YOUR GOAL –
Give again, word for word, the line holding "More UFO Annular" and every line after it through the end of the data below. Omit pictures.

DATA EXCERPT –

========================================

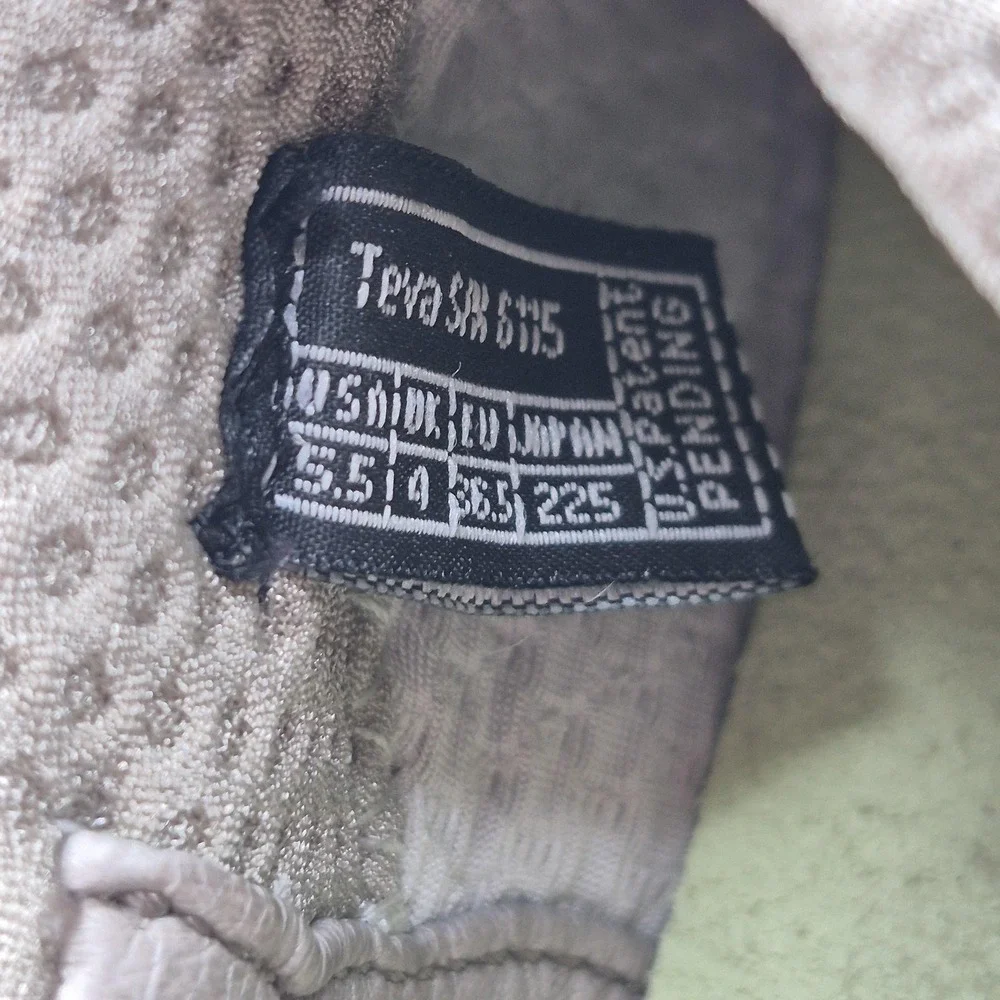 Teva Shoes Womens Size 6.5‎ Taupe Beige Slip On Hook Loop Casual Comfort 6345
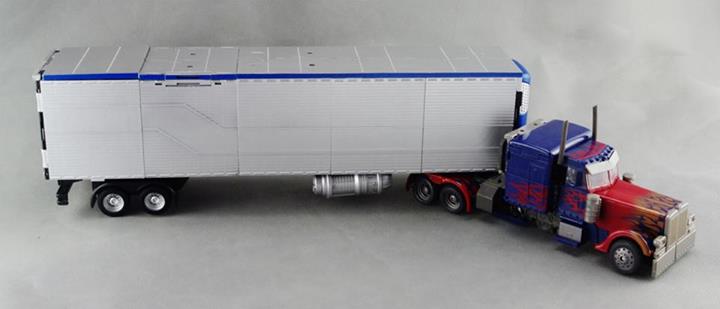 More UFO Annular Trailer and Weapon Rack DOTM Accessory for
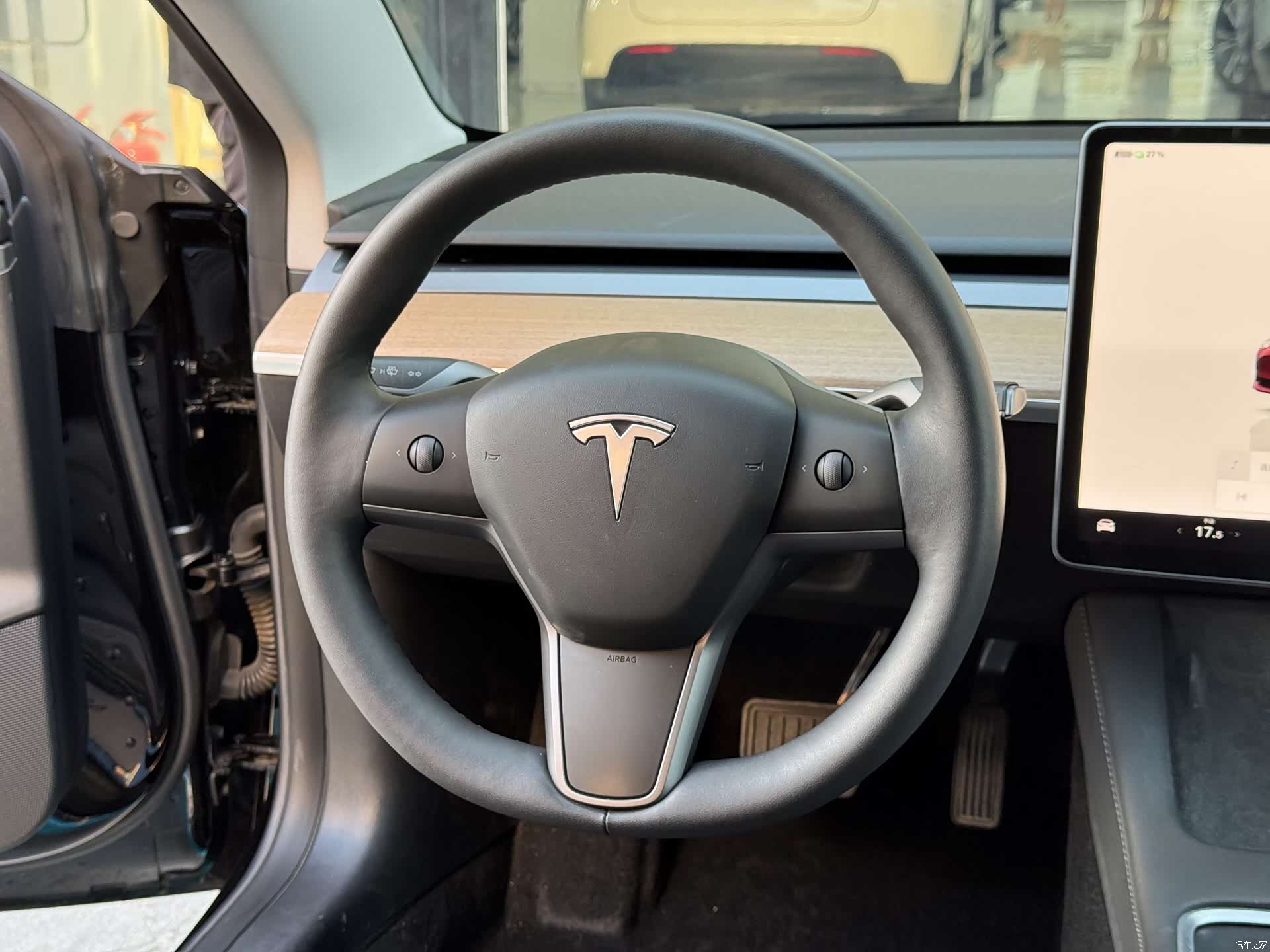 Tesla Model 3, 2023 13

========================================

SOLUTION TO THIS PROBLEM –
 More UFO Annular Trailer and Weapon Rack DOTM Accessory for
 Tesla Model 3, 2023 13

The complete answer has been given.